Required work: For the entries that follow, set down each one exactly and drop any pictures.

Records supplied:

————————

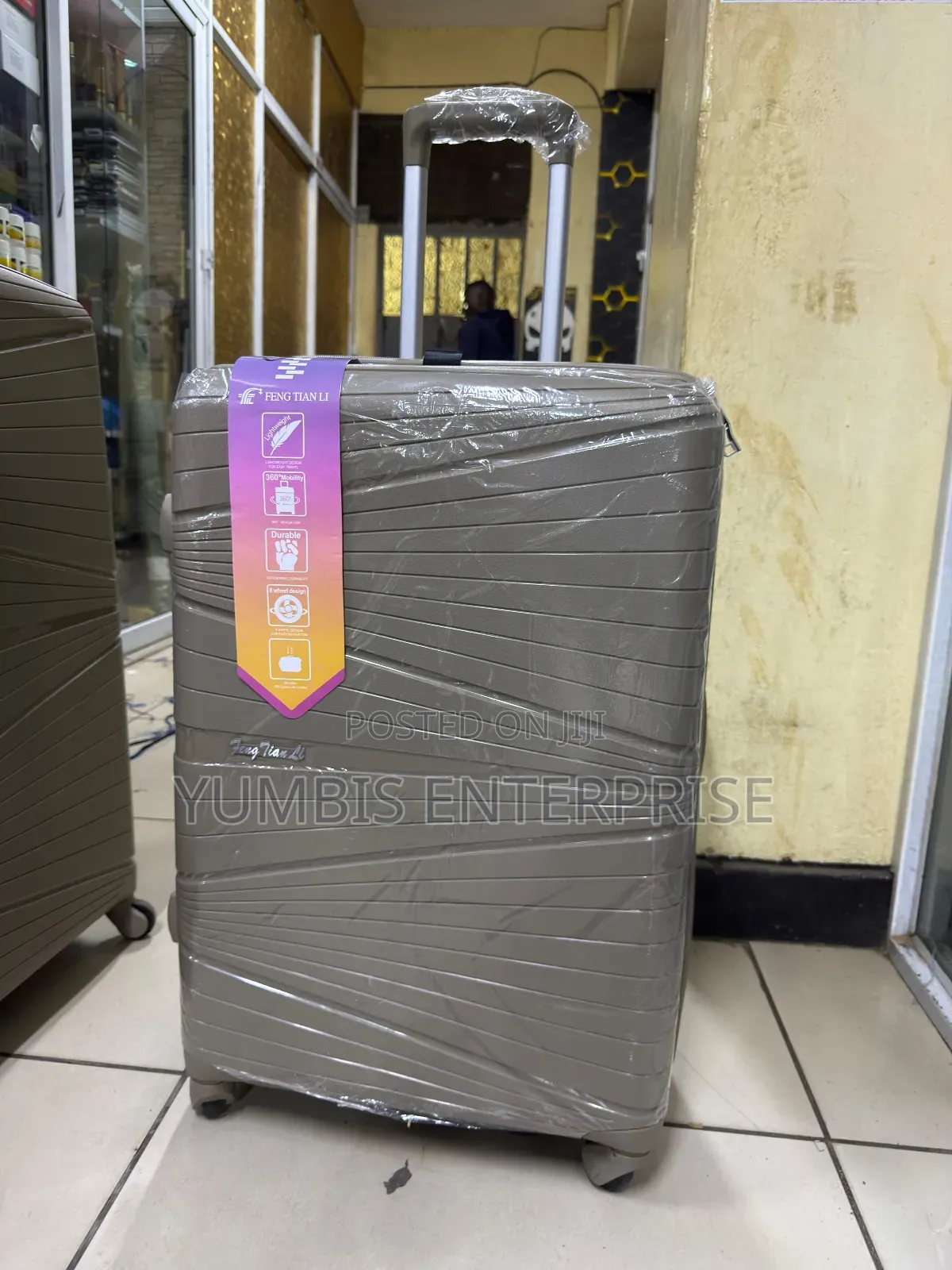 Medium Suitcase Rubber 1pc 18kgs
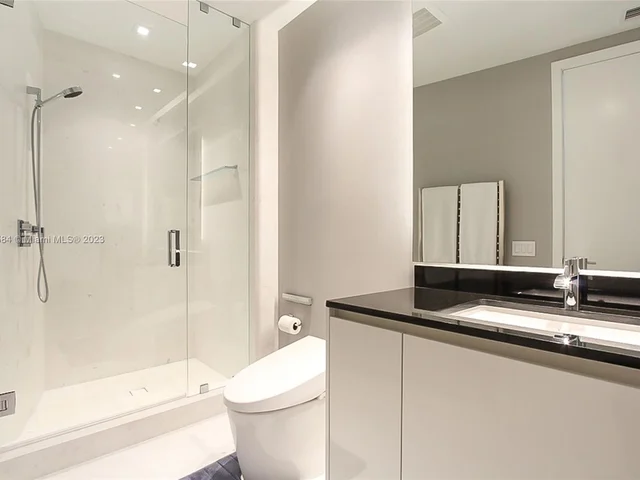 18555 Collins Ave # 4605, Sunny Isles Beach FL 33160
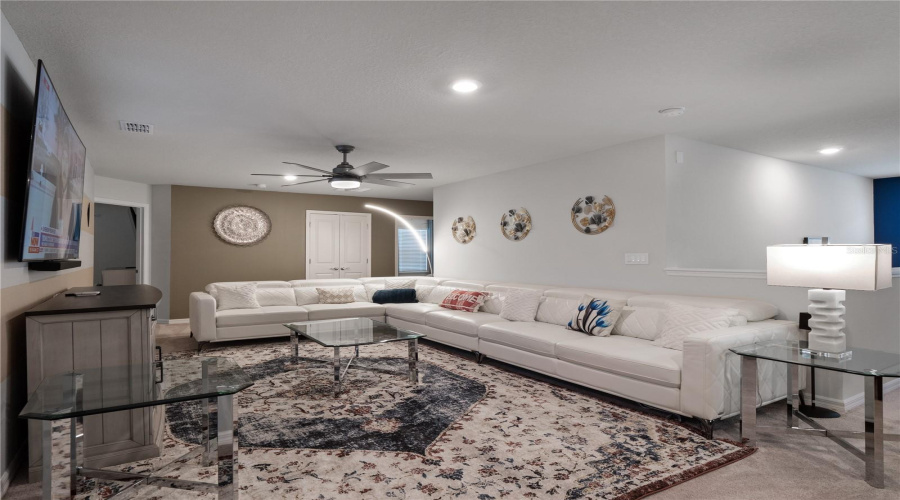 DAVENPORT, Florida 33897, 9 Bedrooms Bedrooms, ,6 BathroomsBathrooms,Residential,For Sale,LILAC,0,MFRO6334689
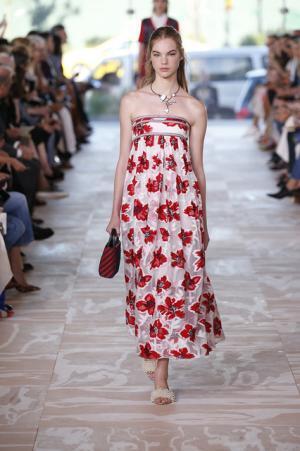 【生中継】トリーバーチの17SSコレクション、13日22時より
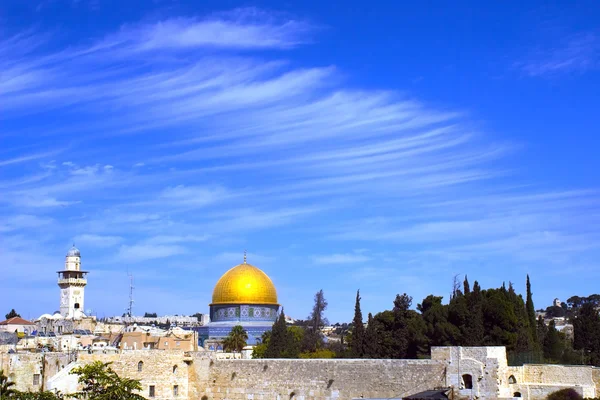 Видом на купол скелі в Єрусалим, Ізраїль — стокове фото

————————

Output:
 Medium Suitcase Rubber 1pc 18kgs
 18555 Collins Ave # 4605, Sunny Isles Beach FL 33160
 DAVENPORT, Florida 33897, 9 Bedrooms Bedrooms, ,6 BathroomsBathrooms,Residential,For Sale,LILAC,0,MFRO6334689
 【生中継】トリーバーチの17SSコレクション、13日22時より
 Видом на купол скелі в Єрусалим, Ізраїль — стокове фото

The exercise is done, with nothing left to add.